My
story, My book
Why
I’ve been on an extended hiatus
October
7, 2016
By:
Gina Yoryet Román
These words resonated
very directly, intensely and clearly in my mind during my solitary stroll last
Saturday and Sunday. I spent a whole two days with Me, Myself and I. My first
and foremost reason was to unclutter my mind, to distance myself from certain
toxic and demoralizing individuals that will do anything to sabotage one’s
serenity because deep down they are very miserable, and last but not least, I
wanted to pray and shake off the stranger within that has carved itself very
deeply into me and won’t give up the ship.

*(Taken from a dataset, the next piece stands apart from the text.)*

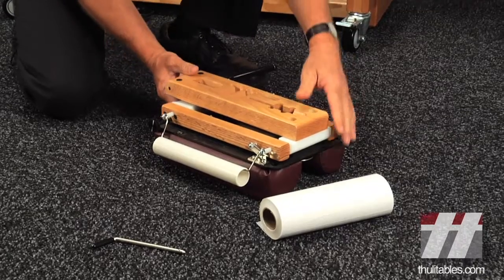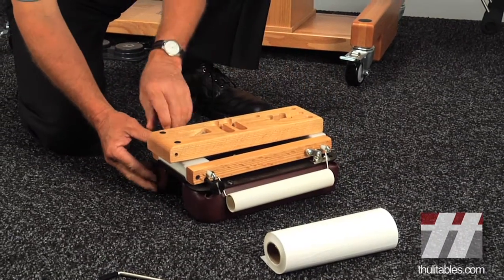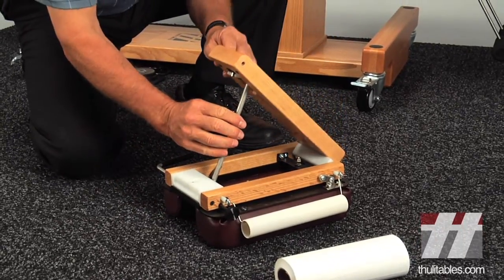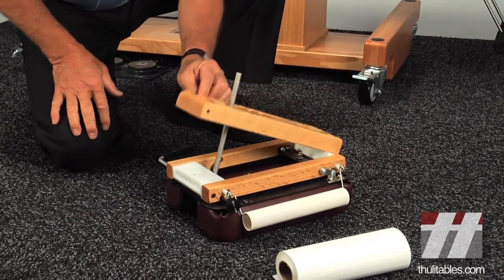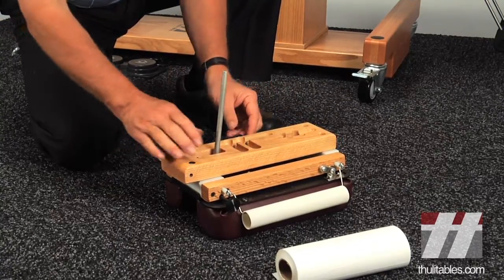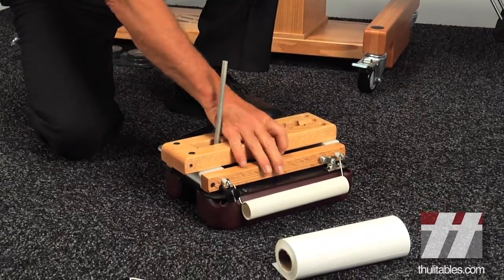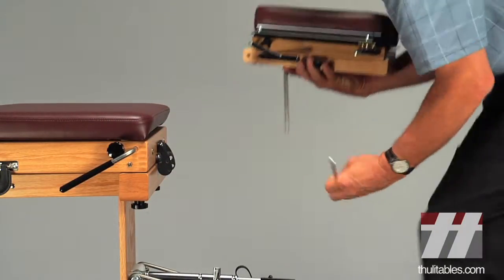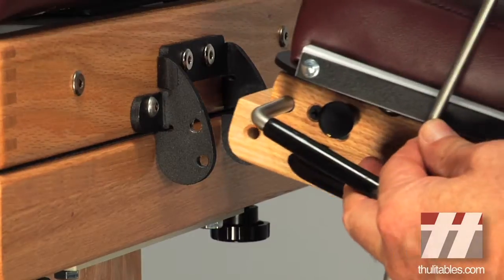Attaching the headpiece is the same as to your portable table. Raise the base block and insert the T-bar into the hole in the locking link. Use counterclockwise pressure on the raising lever to lower the base block. Use the pin that was locking the table closed to connect the headpiece to the table, using the hole appropriate for your accessories.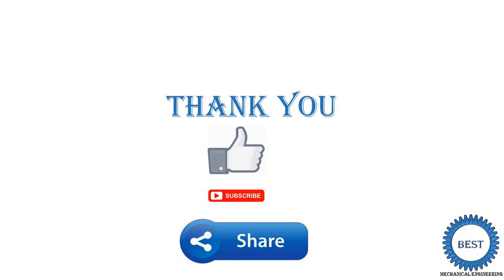Thank you for watching this video. If you learned something, then like the video, subscribe the channel, and share with your friends.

The stranger inside has got me in gridlock. I let it forsake who I am. In a moment of weakness I let myself be dominated by an
intruder, an uninvited person, yet someone I have known all my life. The
someone that can control me if I don't pray, stay hopeful and shield and nurture myself with a healthy
environment. It is cynical to imply
that this outsider has ravaged me from head to toe. It is very narcissistic to
sit here and let my “inner” turmoil rob me from my peace, and hope for a
“better” moment when I have let me be consumed by everything and everyone else.
Today when I went for
another lone walk, I realized that what seems to be fractured inside of me,
will get salvaged once I set my mind, heart and soul into it and bounce back.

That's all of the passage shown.